La fantasía vs la realidad
Muchas veces me sumerjo como lectora en historias donde todo rastro de la fantasía ha sido desplazado por una realidad pura, cruda y dura. Son, muchas veces, buenos libros, no lo niego; en los que viven excelentes personajes y que, sin embargo, para mí se quedan en una superficie simplificada, una superficie donde no hay otro matiz que la realidad que se recicla una y otra vez, que se exprime hasta reducir su pulpa a la nada. Existe otra categoría de obras que, a mi criterio, no solo han abandonado hasta el más mínimo rezago de lo fantástico, sino que exponen los eventos del cotidiano —de esa realidad tan defendida— a través de la lupa de la simplificación; una simplificación que justifican por la edad de los lectores (leitmotiv usado hasta el cansancio). La tercera categoría de obras es, de todas, la más peligrosa, pues sumerge al pequeño lector en un universo solo habitado por el espíritu del escritor y donde lo demás ha quedado completamente anulado.
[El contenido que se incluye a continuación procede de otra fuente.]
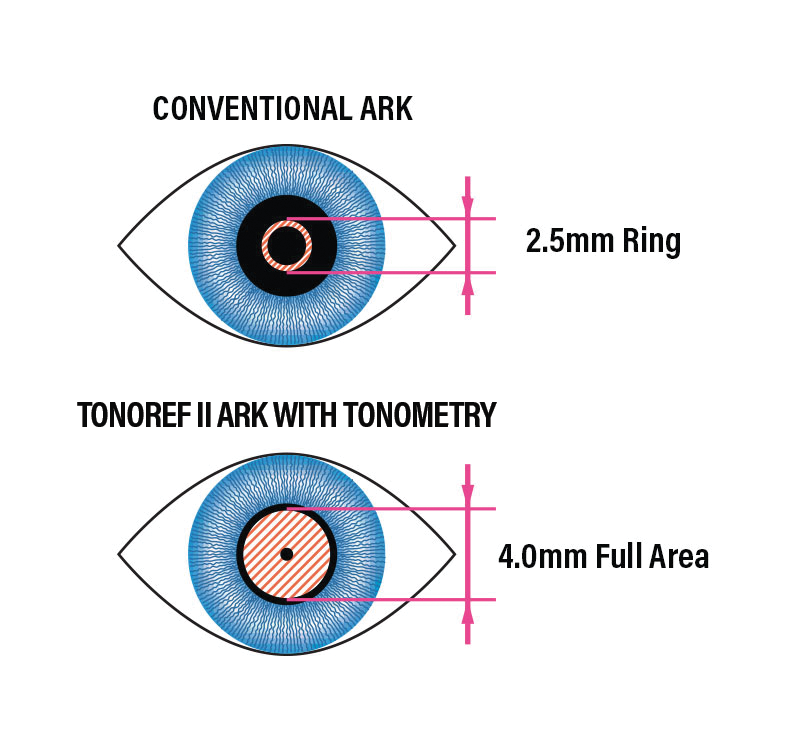Marco M3 ARK Non Contact Tonometer Small Pupil Zone Measurement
Hablo de esos libros en los que todos los personajes hablan igual, justo a la medida del intelecto del autor. Hablo de esos libros donde todo el universo infantil ha sido reducido a una mera y falsa observación de los problemas de los adultos, un mundo en el cual los niños se relacionan como pueden (…si pueden). Hablo de esos libros donde los niños personajes dialogan y piensan como ancianos, donde no existen dudas ni elementos lúdicos, donde el niño solo se bate contra la circunstancia de la realidad que le ha tocado vivir. Este es un épico combate que, lo sabemos de antemano, conducirá a la clásica moraleja de siempre.
Una autora de matices
Nada en contra de una literatura que sea instructiva y que deje, como saldo natural de la lectura, la formación de valores; ¡pero, alerta!, no hablamos de esto cuando nos enfrentamos a la moraleja que ha sido diseñada, palabra tras palabra, por el escritor y que intenta, desde comienzo a fin de la obra, destruir la libertad creativa y de vida del niño lector.
Me considero una autora de matices. Recuerdo lo suficientemente mi infancia como para saber qué libros no me gustaban entonces (ni ahora). Disfruto una buena exposición de las sombras y luces de la realidad en las páginas de un libro, como también añoro que dichas páginas aparezcan teñidas por el mundo mágico, onírico y maravilloso de la fantasía, que no es un estado solo propio de la infancia, pero que en esta edad de oro de la vida alcanza su cenit. En los matices, en la mixtura, se escriben no sé si los mejores libros, pero sí aquellos que están vivos y palpitan.